Monday, Aug. 28, 1989
Late Honors
The roar of an airplane engine is one of the few things that bring hope to the Fugnido refugee camp, a desolate stretch of Ethiopia where 57,000 survivors of Sudan's civil war subsist. But on Aug. 7, Fugnido's residents listened in vain for the sound of the Twin Otter carrying Texas Congressman Mickey Leland, 44, who had visited five times before. His plane had crashed nose-first into a mountain 30 miles away, killing all 16 aboard.
When searchers located the disintegrated plane last week, the late-night vigils in Leland's Capitol Hill office ended, and the Washington practice of canonizing its own began. Leland, who in his life had difficulty dragging colleagues away from junkets to Paris and Bermuda to join him on trips to ! Appalachia, Africa, Indian reservations and migrant camps, finally in death found allies for his cause.

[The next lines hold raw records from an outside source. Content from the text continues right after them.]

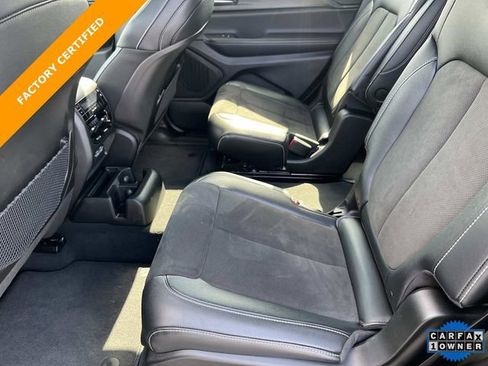 Certified 2024 Jeep Grand Cherokee L Altitude image 20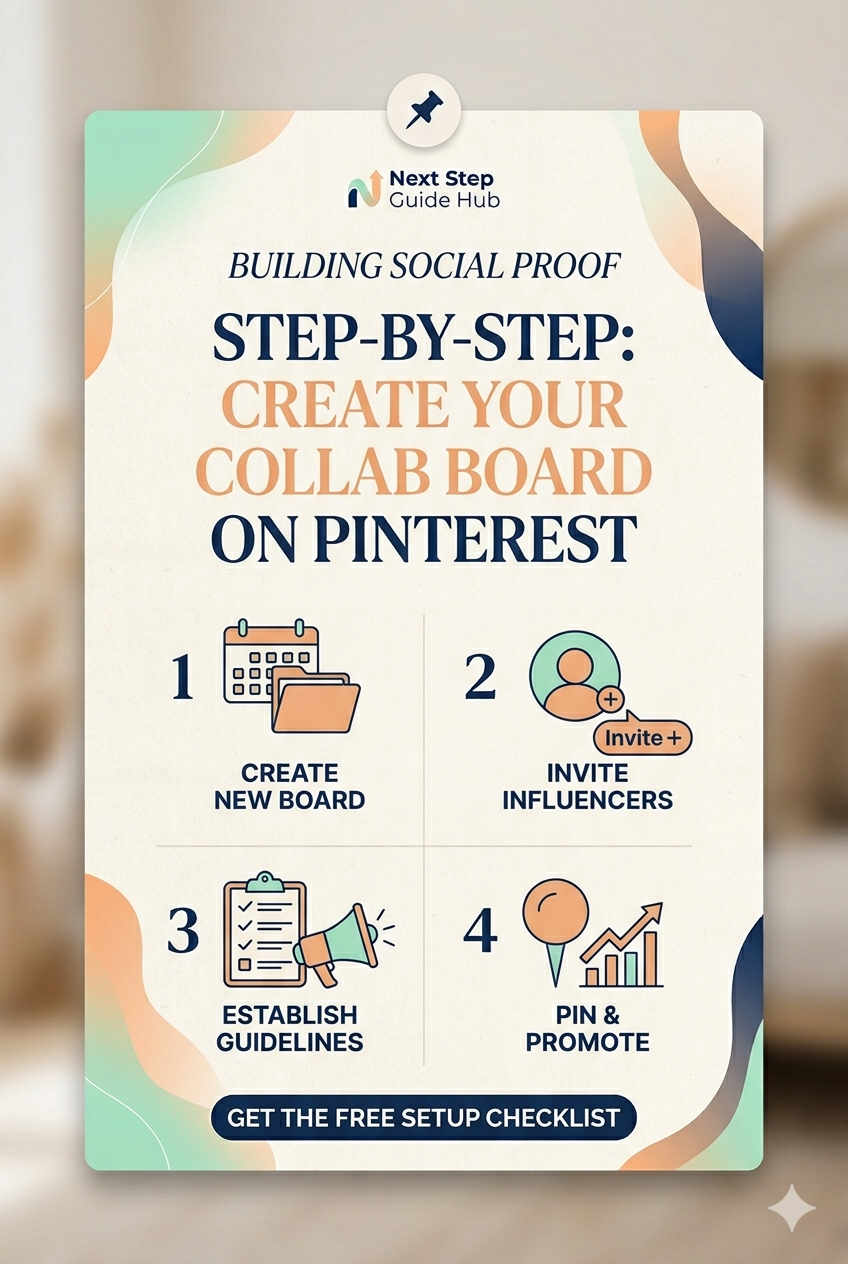step-by-step:%0ACREATE%20YOUR%20COLLAB%20BOARD%20ON%20PINTEREST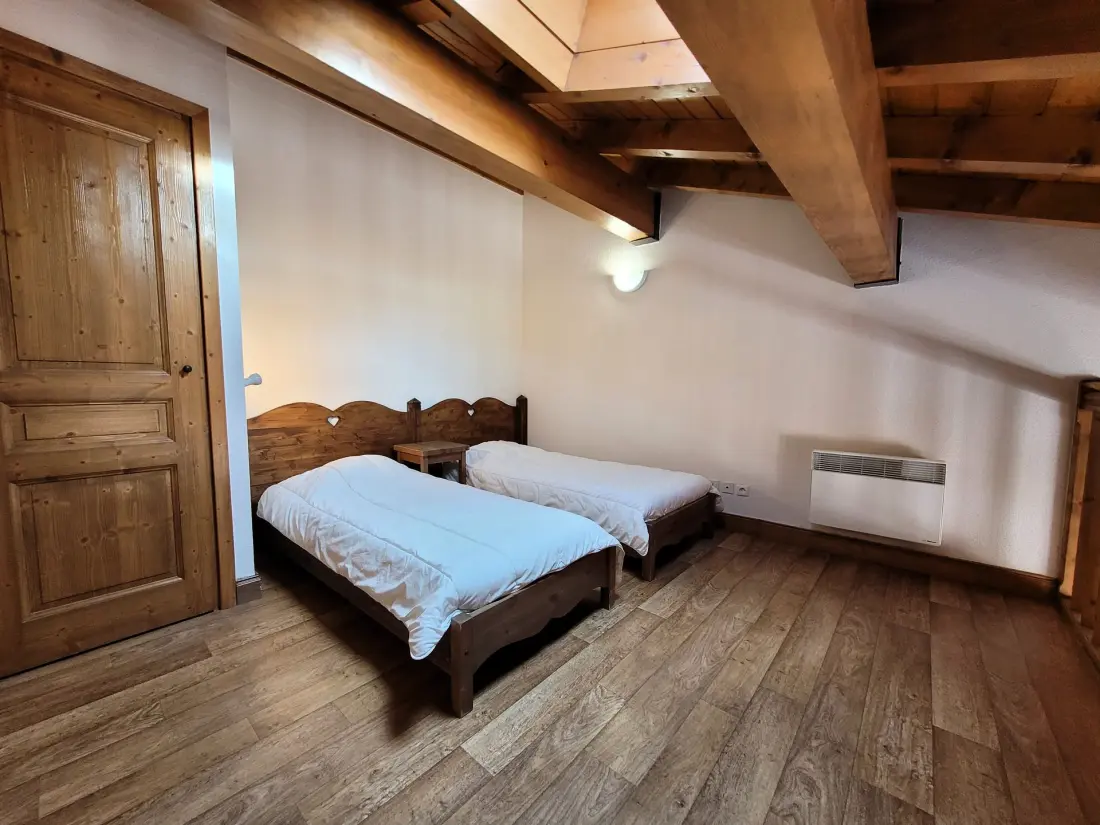 Le Clos Vanoise tartózkodási hely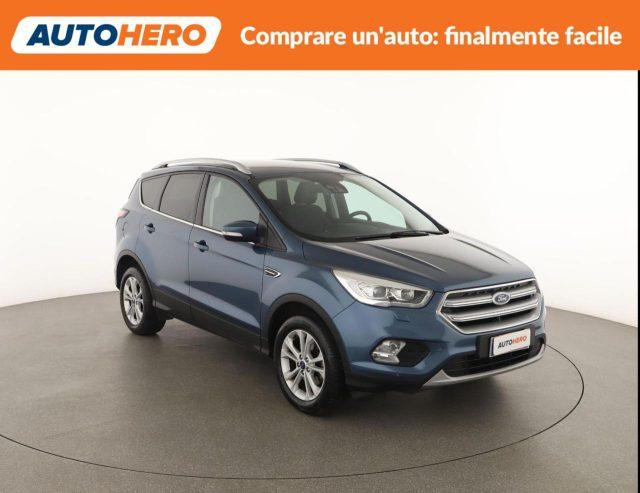 FORD Kuga 1.5 EcoBoost 150 CV S&S 2WD Titanium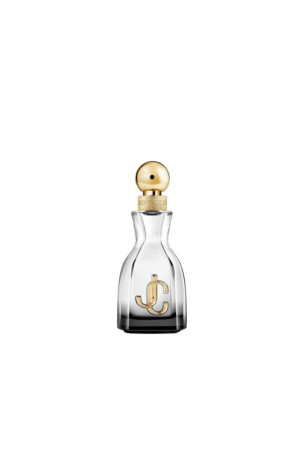 Moterų kvepalai Jimmy Choo I WANT CHOO FOREVER EDP EDP 40 ml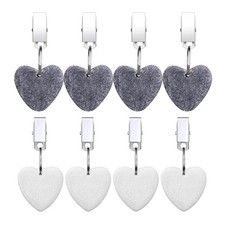 4pcs/set Tablecloth Weights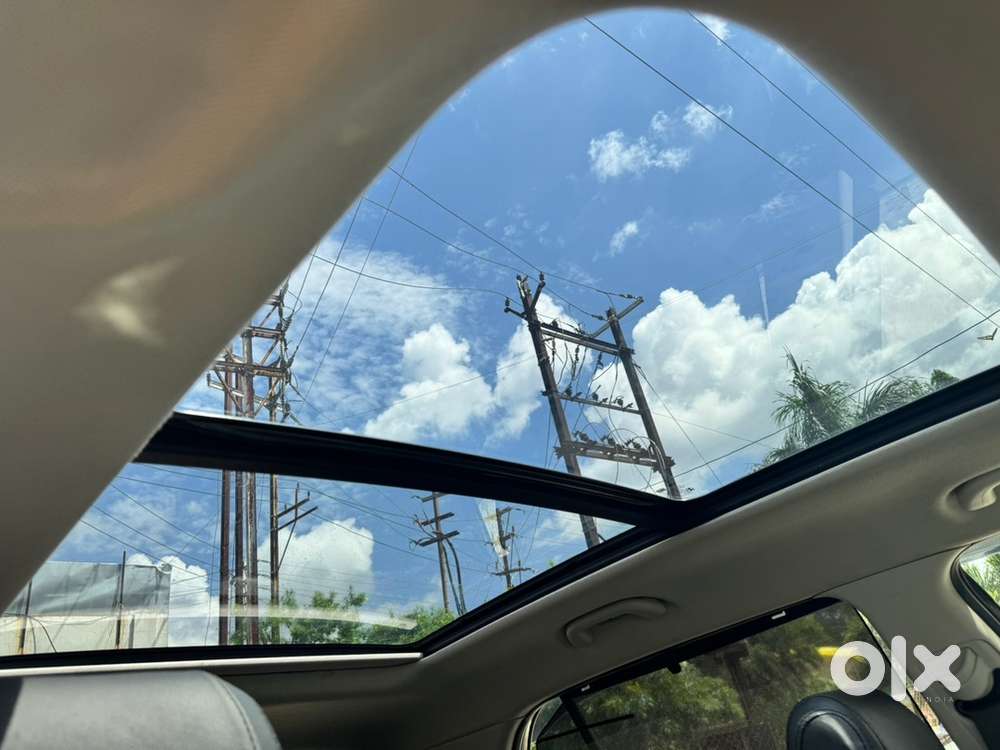 Hyundai Creta Facelift Petrol 2025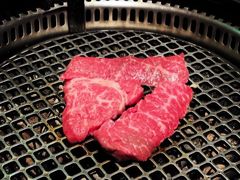 -赤坂亭 M9和牛烧肉(水街店)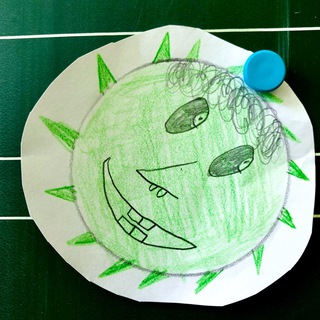 Telegram profile photo for Erzieher + Lehrer für Aufklärung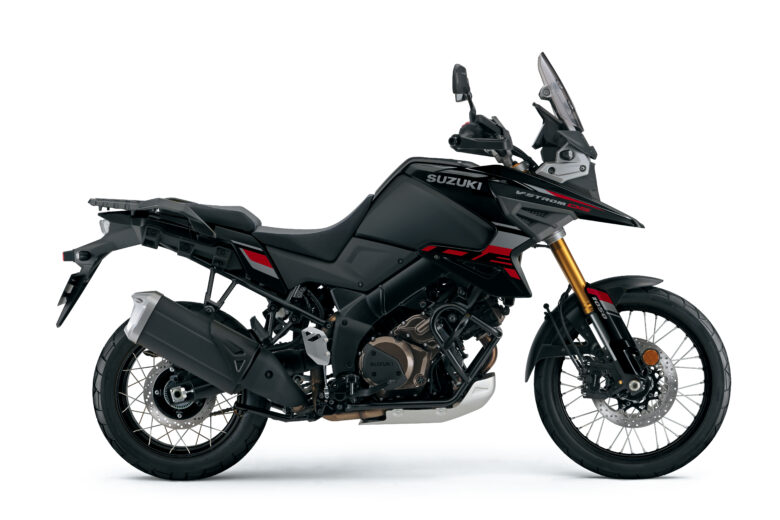 Suzuki V-Strom DL1050DE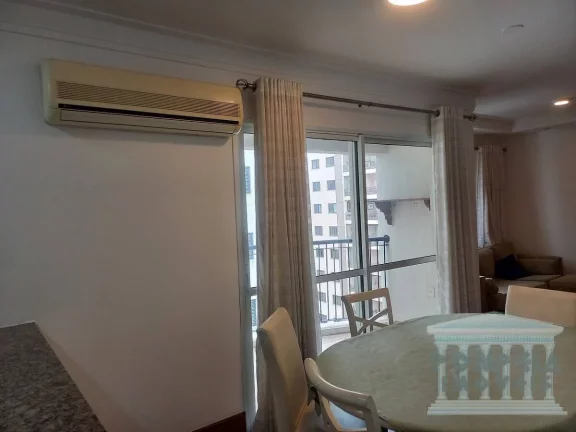 Imagem Venda Apartamento 1 Dormitório 54m²| 1 Vaga | Perdizes SP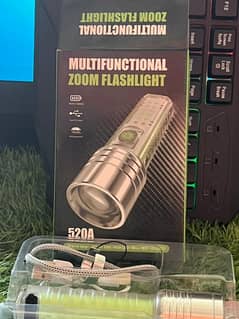 Multifunctional
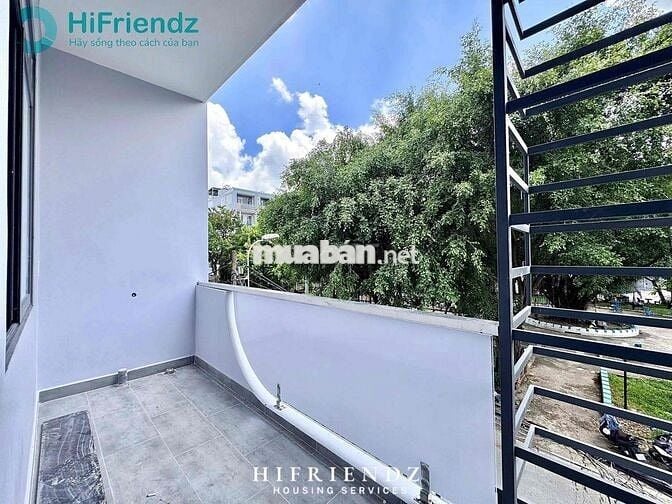 🏡Khai Trương Căn Hộ Duplex Sinh Viên - Giá Rẻ - Thang Máy - Mới 100%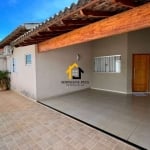 Casa com 3 dormitórios à venda, 137 m² por R$ 530.000,00 - Regissol I - Mirassol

Although Leland had managed to persuade the House to create the Select Committee on Hunger and make him its chairman in 1984, famine lost its luster once the strains of We Are the World faded and the television lights went off. There is little money or prestige in hunger. Leland earned $22,650 in special- interest speech-giving fees in 1988; Illinois Congressman Dan Rostenkowski, chairman of the tax-writing Ways and Means Committee, earns nearly ten times as much as that. Laying guilt trips on colleagues until they provided $800 million for starving Africans during the sub-Saharan famine in 1985 did not ease Leland's entry into the insider's club. When he spent a night with Washington's homeless in the winter of 1987, it was criticized as a publicity stunt.
Leland's successes came in part because he was hard not to like, and he would not give up. The dashiki he wore in the Texas legislature gave way to Armani suits, the clenched fist to working within the system. After persuading New Jersey Republican Congresswoman Margaret Roukema to join him on a trip to Africa in 1984, Leland got in to see Ronald Reagan, who then agreed to support more foreign food aid and order ships loaded with grain to head for Ethiopia. Leland leaves his wife Alison, who is two months pregnant, a son -- and a world less hungry than it would have been without him.